What this task involves: Would you print the lines below exactly, beginning at the line that has "But what about" and stopping after the line that has "Those 5s cancel."? Only those lines, and no pictures.

(Data Opens)

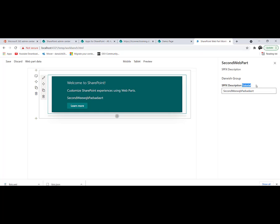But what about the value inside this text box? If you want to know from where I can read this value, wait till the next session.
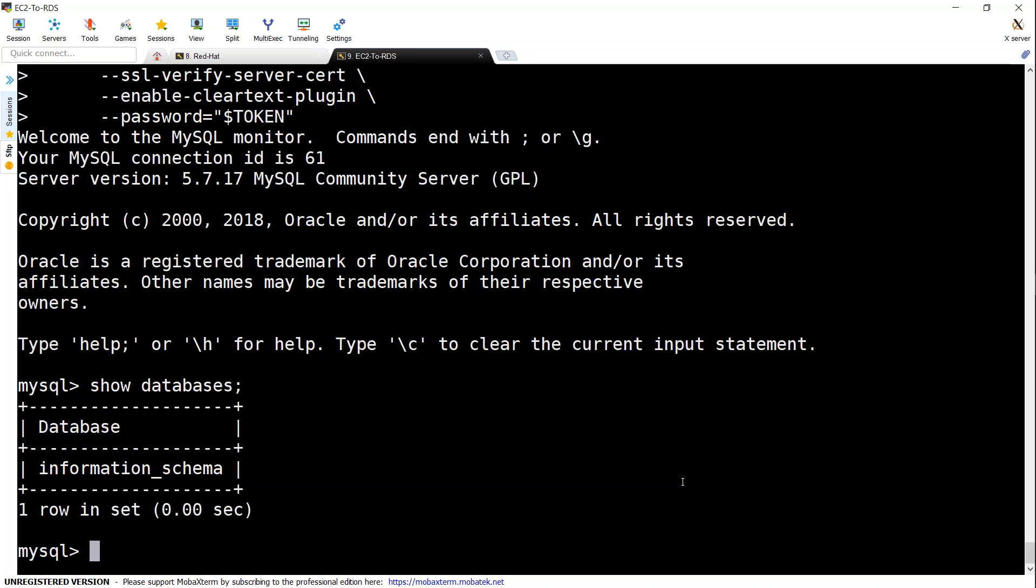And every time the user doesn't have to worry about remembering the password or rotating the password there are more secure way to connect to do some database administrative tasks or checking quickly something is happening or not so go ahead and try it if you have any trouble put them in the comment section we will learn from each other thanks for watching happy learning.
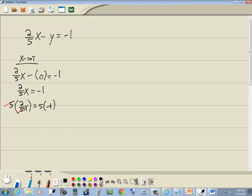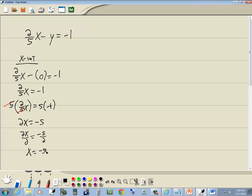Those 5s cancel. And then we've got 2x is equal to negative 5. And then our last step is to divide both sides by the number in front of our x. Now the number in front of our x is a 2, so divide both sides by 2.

(Data Closes)
(Data Opens)

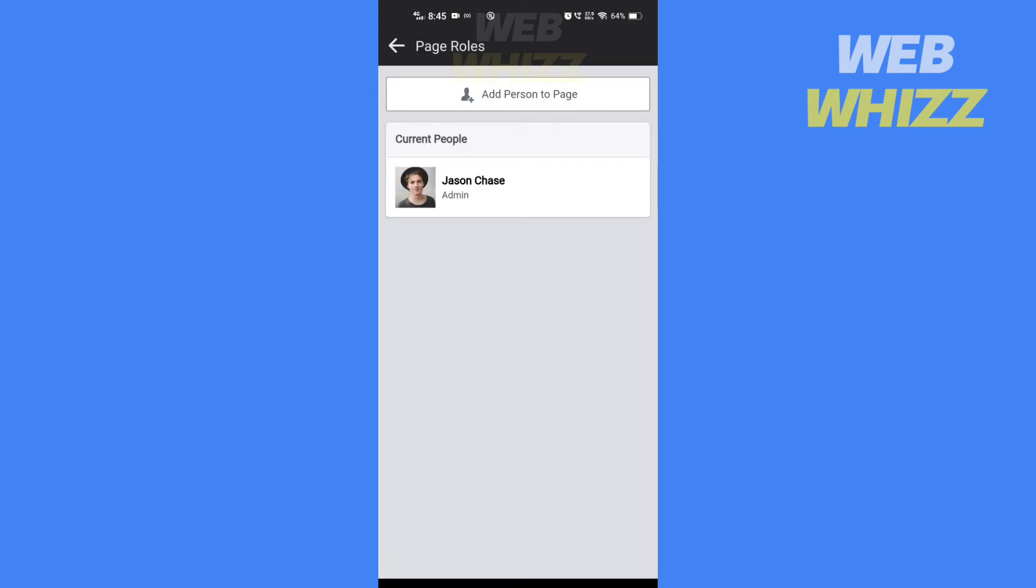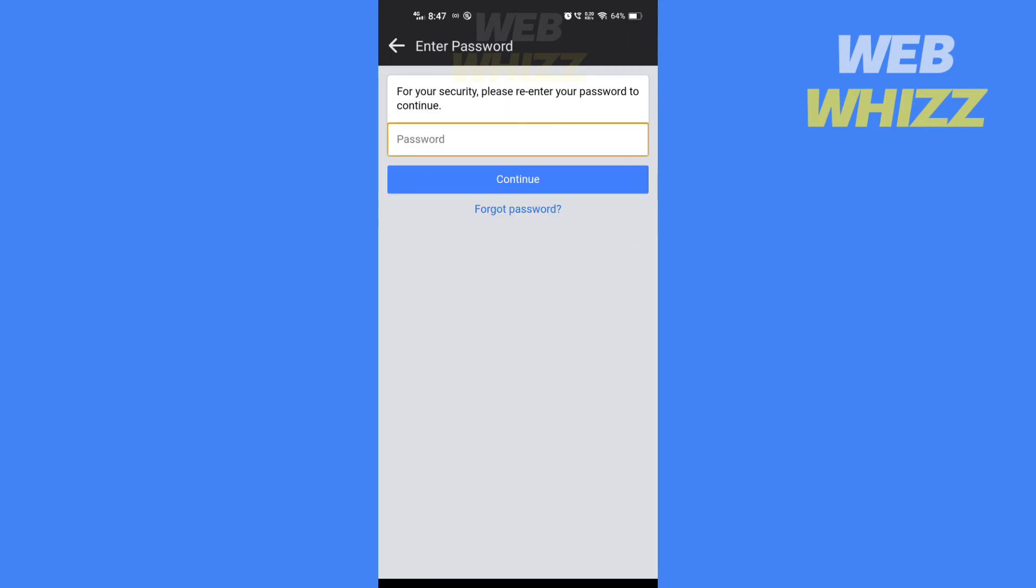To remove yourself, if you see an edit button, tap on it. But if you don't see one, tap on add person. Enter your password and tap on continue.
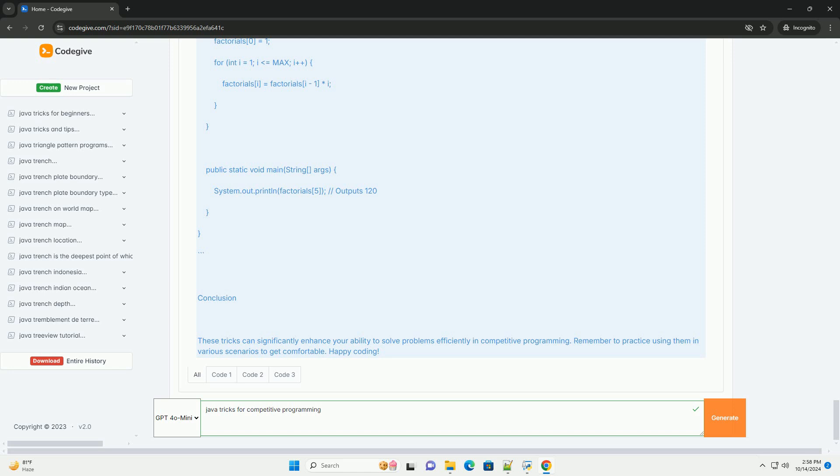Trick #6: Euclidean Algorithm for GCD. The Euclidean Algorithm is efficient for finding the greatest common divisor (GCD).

(Data Closes)

Completed exercise:
But what about the value inside this text box? If you want to know from where I can read this value, wait till the next session.
And every time the user doesn't have to worry about remembering the password or rotating the password there are more secure way to connect to do some database administrative tasks or checking quickly something is happening or not so go ahead and try it if you have any trouble put them in the comment section we will learn from each other thanks for watching happy learning.
Those 5s cancel. And then we've got 2x is equal to negative 5. And then our last step is to divide both sides by the number in front of our x. Now the number in front of our x is a 2, so divide both sides by 2.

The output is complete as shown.